___ DATA SHOWN ___

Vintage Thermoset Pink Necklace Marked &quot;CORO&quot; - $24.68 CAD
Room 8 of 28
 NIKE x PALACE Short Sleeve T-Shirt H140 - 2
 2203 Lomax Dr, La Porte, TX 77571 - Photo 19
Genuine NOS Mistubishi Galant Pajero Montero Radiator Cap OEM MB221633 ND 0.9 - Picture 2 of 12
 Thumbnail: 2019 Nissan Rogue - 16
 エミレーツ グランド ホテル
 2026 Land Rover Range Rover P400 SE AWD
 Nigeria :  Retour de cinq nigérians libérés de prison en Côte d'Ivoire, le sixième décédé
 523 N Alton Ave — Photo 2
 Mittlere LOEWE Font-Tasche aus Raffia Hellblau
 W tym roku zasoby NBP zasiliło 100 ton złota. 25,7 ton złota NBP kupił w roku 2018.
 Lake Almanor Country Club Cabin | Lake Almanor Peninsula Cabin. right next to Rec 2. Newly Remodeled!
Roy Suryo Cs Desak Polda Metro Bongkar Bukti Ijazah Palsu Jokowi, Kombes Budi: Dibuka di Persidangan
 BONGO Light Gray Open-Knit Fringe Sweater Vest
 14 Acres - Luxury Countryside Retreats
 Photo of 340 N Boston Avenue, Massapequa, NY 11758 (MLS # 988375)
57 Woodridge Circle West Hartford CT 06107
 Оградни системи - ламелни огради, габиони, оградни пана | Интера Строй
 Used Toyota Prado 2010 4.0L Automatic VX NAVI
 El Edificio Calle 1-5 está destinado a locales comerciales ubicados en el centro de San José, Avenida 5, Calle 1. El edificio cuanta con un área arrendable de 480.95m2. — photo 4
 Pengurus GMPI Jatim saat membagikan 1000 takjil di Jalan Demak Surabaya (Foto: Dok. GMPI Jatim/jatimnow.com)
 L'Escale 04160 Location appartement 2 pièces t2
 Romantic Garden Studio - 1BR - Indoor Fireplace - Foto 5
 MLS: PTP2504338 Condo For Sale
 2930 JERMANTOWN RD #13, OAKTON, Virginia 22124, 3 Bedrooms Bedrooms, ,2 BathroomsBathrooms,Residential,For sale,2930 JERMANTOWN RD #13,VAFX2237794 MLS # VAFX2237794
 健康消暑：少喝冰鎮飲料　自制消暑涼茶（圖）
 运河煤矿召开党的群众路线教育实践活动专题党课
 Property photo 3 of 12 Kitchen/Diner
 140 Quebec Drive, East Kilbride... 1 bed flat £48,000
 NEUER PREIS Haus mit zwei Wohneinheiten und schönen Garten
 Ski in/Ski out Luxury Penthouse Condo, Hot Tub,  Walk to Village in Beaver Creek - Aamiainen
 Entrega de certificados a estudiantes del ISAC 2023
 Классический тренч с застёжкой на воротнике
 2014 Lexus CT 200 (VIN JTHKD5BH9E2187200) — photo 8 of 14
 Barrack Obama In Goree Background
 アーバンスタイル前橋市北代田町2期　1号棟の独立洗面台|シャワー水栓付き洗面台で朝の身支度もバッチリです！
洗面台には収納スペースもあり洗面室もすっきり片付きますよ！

___

◆ **ASSIGNMENT**: Repeat all of the records, letter for letter.

◆ **RESULT OF THIS TASK**:
Vintage Thermoset Pink Necklace Marked &quot;CORO&quot; - $24.68 CAD
Room 8 of 28
 NIKE x PALACE Short Sleeve T-Shirt H140 - 2
 2203 Lomax Dr, La Porte, TX 77571 - Photo 19
Genuine NOS Mistubishi Galant Pajero Montero Radiator Cap OEM MB221633 ND 0.9 - Picture 2 of 12
 Thumbnail: 2019 Nissan Rogue - 16
 エミレーツ グランド ホテル
 2026 Land Rover Range Rover P400 SE AWD
 Nigeria :  Retour de cinq nigérians libérés de prison en Côte d'Ivoire, le sixième décédé
 523 N Alton Ave — Photo 2
 Mittlere LOEWE Font-Tasche aus Raffia Hellblau
 W tym roku zasoby NBP zasiliło 100 ton złota. 25,7 ton złota NBP kupił w roku 2018.
 Lake Almanor Country Club Cabin | Lake Almanor Peninsula Cabin. right next to Rec 2. Newly Remodeled!
Roy Suryo Cs Desak Polda Metro Bongkar Bukti Ijazah Palsu Jokowi, Kombes Budi: Dibuka di Persidangan
 BONGO Light Gray Open-Knit Fringe Sweater Vest
 14 Acres - Luxury Countryside Retreats
 Photo of 340 N Boston Avenue, Massapequa, NY 11758 (MLS # 988375)
57 Woodridge Circle West Hartford CT 06107
 Оградни системи - ламелни огради, габиони, оградни пана | Интера Строй
 Used Toyota Prado 2010 4.0L Automatic VX NAVI
 El Edificio Calle 1-5 está destinado a locales comerciales ubicados en el centro de San José, Avenida 5, Calle 1. El edificio cuanta con un área arrendable de 480.95m2. — photo 4
 Pengurus GMPI Jatim saat membagikan 1000 takjil di Jalan Demak Surabaya (Foto: Dok. GMPI Jatim/jatimnow.com)
 L'Escale 04160 Location appartement 2 pièces t2
 Romantic Garden Studio - 1BR - Indoor Fireplace - Foto 5
 MLS: PTP2504338 Condo For Sale
 2930 JERMANTOWN RD #13, OAKTON, Virginia 22124, 3 Bedrooms Bedrooms, ,2 BathroomsBathrooms,Residential,For sale,2930 JERMANTOWN RD #13,VAFX2237794 MLS # VAFX2237794
 健康消暑：少喝冰鎮飲料　自制消暑涼茶（圖）
 运河煤矿召开党的群众路线教育实践活动专题党课
 Property photo 3 of 12 Kitchen/Diner
 140 Quebec Drive, East Kilbride... 1 bed flat £48,000
 NEUER PREIS Haus mit zwei Wohneinheiten und schönen Garten
 Ski in/Ski out Luxury Penthouse Condo, Hot Tub,  Walk to Village in Beaver Creek - Aamiainen
 Entrega de certificados a estudiantes del ISAC 2023
 Классический тренч с застёжкой на воротнике
 2014 Lexus CT 200 (VIN JTHKD5BH9E2187200) — photo 8 of 14
 Barrack Obama In Goree Background
 アーバンスタイル前橋市北代田町2期　1号棟の独立洗面台|シャワー水栓付き洗面台で朝の身支度もバッチリです！
洗面台には収納スペースもあり洗面室もすっきり片付きますよ！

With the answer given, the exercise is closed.